Random thought: What is the optimal PD strategy under imperfect information?

post by RolfAndreassen · 2012-01-17T01:06:28.375Z · LW · GW · Legacy · 5 comments

Contents

5 comments

We know that Tit-for-Tat and variants do very well in iterated-Prisoner's-Dilemma tournaments. However, such tournaments are a bit unrealistic in that they give the agents instant and complete information about each other's actions. What if this signal is obscured? Suppose, for example, that if I press "Cooperate", there is a small chance that my action is reported to you as "Defect", presumably causing you to retaliate; and conversely, if I press "Defect" there is a chance that you see "Cooperate", thus letting me get away with cheating. Does this affect the optimal strategy? Does the probability of getting wrong information matter? What if it is asymmetric, ie P(observe C | actual D) != P(Observe D | actual C)?

5 comments

Comments sorted by top scores.

comment by Unnamed · 2012-01-17T04:03:31.538Z · LW(p) · GW(p)

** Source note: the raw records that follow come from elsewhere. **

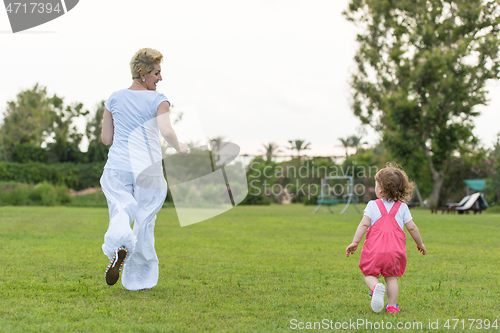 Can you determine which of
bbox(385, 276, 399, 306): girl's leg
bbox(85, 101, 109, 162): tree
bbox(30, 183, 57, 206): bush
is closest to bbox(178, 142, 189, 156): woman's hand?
bbox(385, 276, 399, 306): girl's leg

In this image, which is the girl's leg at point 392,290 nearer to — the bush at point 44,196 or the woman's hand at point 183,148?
the woman's hand at point 183,148

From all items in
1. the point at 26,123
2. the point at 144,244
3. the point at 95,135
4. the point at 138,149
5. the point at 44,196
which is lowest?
the point at 44,196

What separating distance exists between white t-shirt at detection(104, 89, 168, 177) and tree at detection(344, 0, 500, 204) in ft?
82.5

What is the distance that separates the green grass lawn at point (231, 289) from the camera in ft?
10.6

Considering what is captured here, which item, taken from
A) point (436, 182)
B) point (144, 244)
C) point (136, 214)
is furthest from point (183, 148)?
point (436, 182)

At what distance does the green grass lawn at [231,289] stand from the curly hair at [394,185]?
834 mm

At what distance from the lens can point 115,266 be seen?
3574mm

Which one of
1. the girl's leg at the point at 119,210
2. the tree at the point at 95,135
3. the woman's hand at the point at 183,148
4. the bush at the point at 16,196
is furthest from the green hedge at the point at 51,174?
the woman's hand at the point at 183,148

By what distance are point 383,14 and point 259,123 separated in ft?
35.0

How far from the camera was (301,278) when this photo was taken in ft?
16.6

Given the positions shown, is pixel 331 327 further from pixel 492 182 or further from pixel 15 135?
pixel 15 135

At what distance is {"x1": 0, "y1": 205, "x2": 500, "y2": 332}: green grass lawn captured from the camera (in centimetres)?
322

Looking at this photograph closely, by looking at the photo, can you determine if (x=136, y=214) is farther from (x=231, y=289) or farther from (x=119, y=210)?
(x=231, y=289)

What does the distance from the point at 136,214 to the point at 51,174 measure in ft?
102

Wikipedia actually has a pretty good (though brief) discussion of this. They mention three alternative strategies that could deal with noise: tit for two tats (only defect after your opponent defects twice), tit for tat with forgiveness (randomly cooperate after an opponent's defection with probability p), and contrite tit for tat (cooperate extra after you accidentally defect). The article that they cite for contrite tit for tat, Boyd (1989), looks promising. And googling contrite tit for tat turned up a relevant paper by Wu & Axelrod (1995) (pdf):

Noise, in the form of random errors in implementing a choice, is a common problem in real world interactions. Recent research has identified three approaches to coping with noise: adding generosity to a reciprocating strategy; adding contrition to a reciprocating strategy; and using an entirely different strategy, Pavlov, based on the idea of switching choice whenever the previous payoff was low. Tournament studies, ecological simulation, and theoretical analysis demonstrate: (1) A generous version of Tit for Tat is a highly effective strategy when the players it meets have not adapted to noise. (2) If the other players have adapted to noise, a contrite version of Tit for Tat is even more effective at quickly restoring mutual cooperation without the risk of exploitation. (3) Pavlov is not robust.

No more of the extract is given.